За себя мне тоже не приходилось беспокоиться. Мой заработок не зависел от Хартфорда и был вполне достаточен для всех моих нужд. Мнение Хартфорда повлиять на него не могло, а кроме того, мои друзья и знакомые уже давно знали, что я никогда не голосую за официального кандидата и, следовательно, настолько погряз в преступлениях такого рода, что никакое неодобрение исправить меня не может, – да и стою ли я хлопот, которые были бы затрачены на то, чтобы меня исправить?
Прошло еще месяца два, и настал Новый год, а с ним ежегодное собрание прихожан Джо и ежегодная продажа мест в церкви.
Четверг, 1 февраля 1906 г.
На самом собрании Джо не присутствовал. Священнику не полагается слушать, как обсуждаются финансовые дела его церкви. Поэтому он сидел один в ризнице, чтобы в случае надобности с ним можно было немедленно посоветоваться. Прихожане явились в полном составе. Все места были заняты. Едва только собрание было открыто, как кто-то вскочил на ноги и внес предложение, чтобы связь между их церковью и Твичелом была немедленно разорвана. Это предложение было поддержано, и повсюду стали раздаваться возгласы: "Ставьте на голосование!" Однако мистер Хэббард, коммерческий директор и совладелец "Карента", человек средних лет, благоразумный, спокойный, уравновешенный, потребовал сначала обсудить это предложение, а потом уже ставить его на голосование. Сказал он примерно следующее (я передаю содержание его речи своими словами, так как меня там не было):
– Мистер Твичел был вашим первым священником. Еще два месяца назад вам и в голову не приходило искать себе другого. Вы считали его хорошим пастырем, а теперь вдруг решили, что он недостоин им оставаться, поскольку его политические взгляды, с вашей точки зрения, недостаточно ортодоксальны. Ну, ладно: прежде он был достоин быть вашим пастырем, – теперь он недостоин. Его высоко ценили, – теперь, по-видимому, его ценность исчезла. Но только по-видимому. То, что в нем ценнее всего, не изменилось, – или я плохо знаю наш приход. Когда он стал нашим священником, этот район лежал на самой окраине, был мало населен, и недвижимость здесь почти ничего не стоила. Личность мистера Твичела оказалась тем магнитом, который сразу же начал притягивать сюда новое население. Это продолжается и по нынешний день. В результате за вашу недвижимость, которая прежде ничего не стоила, сейчас дают очень высокую цену. Поразмыслите же, прежде чем голосовать за это предложение. Церковь западного Хартфорда с глубоким интересом ждет результатов этого голосования. Недвижимость в тамошнем приходе стоит очень дешево. И им больше всего на свете нужен человек, который мог бы поднять ее цену. Увольте мистера Твичела сегодня, и завтра они пригласят его к себе. Цена недвижимости там начнет подниматься, а здесь падать. Вот все, что я хотел сказать. Предлагаю приступить к голосованию.

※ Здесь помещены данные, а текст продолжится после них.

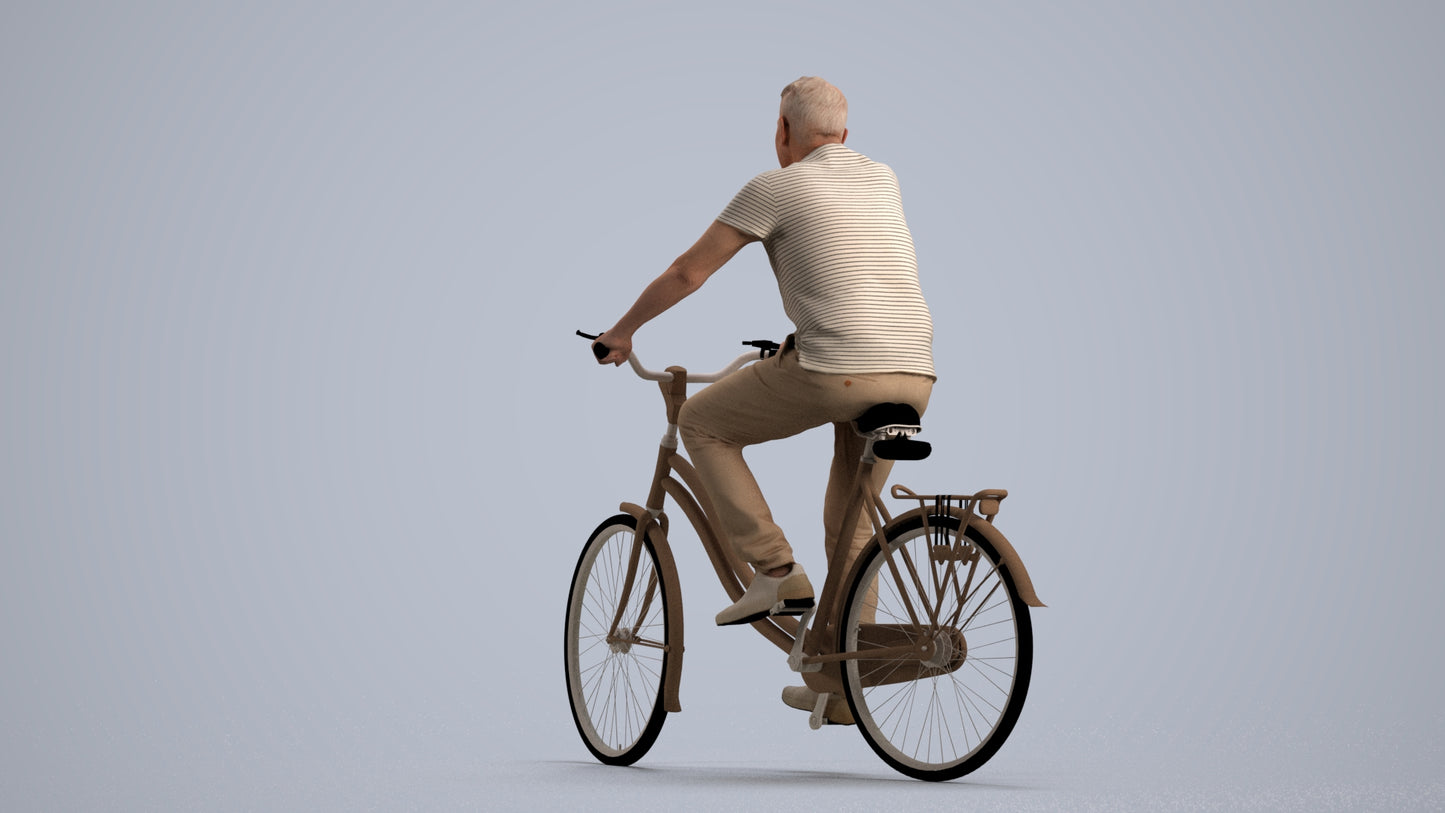 realistic 3D senior man casual cycling, scanned archviz people for Blender and 3ds Max, front view render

Твичел не был уволен. Все вышеописанное произошло двадцать два года тому назад. Твичел стал священником этой церкви сразу же после своего рукоположения. Он служит в ней до сих пор и ни разу не расставался с ней ради какой-нибудь другой. Сороковая годовщина его пребывания в этом приходе была отпразднована теми же самыми прихожанами и их потомками всего недели две тому назад. И чествование прошло с большим энтузиазмом. С тех пор Твичел не совершил больше ни одной политической ошибки. Упорство, с каким он на всех выборах голосовал как положено, злило меня все эти годы и было причиной многих моих ругательных писем к нему. Но эти ругательства были притворными. На самом деле я никогда не осуждал его за то, что он голосует за своих проклятых республиканцев, – по той простой причине, что человек в его положении, когда ему приходится кормить большую семью, отвечает в первую очередь не перед своей политической совестью, а перед своей отцовской совестью. Чтобы исполнить один долг, приходилось жертвовать другим. И в первую очередь он должен был заботиться о своей семье, а не о своей политической совести. Он пожертвовал своей политической независимостью и такой ценой спас свою семью. При подобных обстоятельствах это был высший и лучший род человечности. Будь он Генри Уордом Бичером, он не имел бы права приносить в жертву свою политическую совесть, так как в случае увольнения его ждали бы тысячи новых кафедр и его семья все равно была бы обеспечена хлебом насущным. А Твичелу пришлось бы идти на риск – и на риск весьма значительный. Мне представляется весьма сомнительным, чтобы ему – да и кому угодно еще – удалось поднять цены на недвижимость в западном Хартфорде. По-моему, когда мистер Хэббард так напугал собрание прихожан, он пустил в ход всю свою фантазию. Я считаю, что для Твичела безопасней всего было по возможности оставаться на прежнем месте. Он спас свою семью, а это, на мой взгляд, было его первейшим долгом.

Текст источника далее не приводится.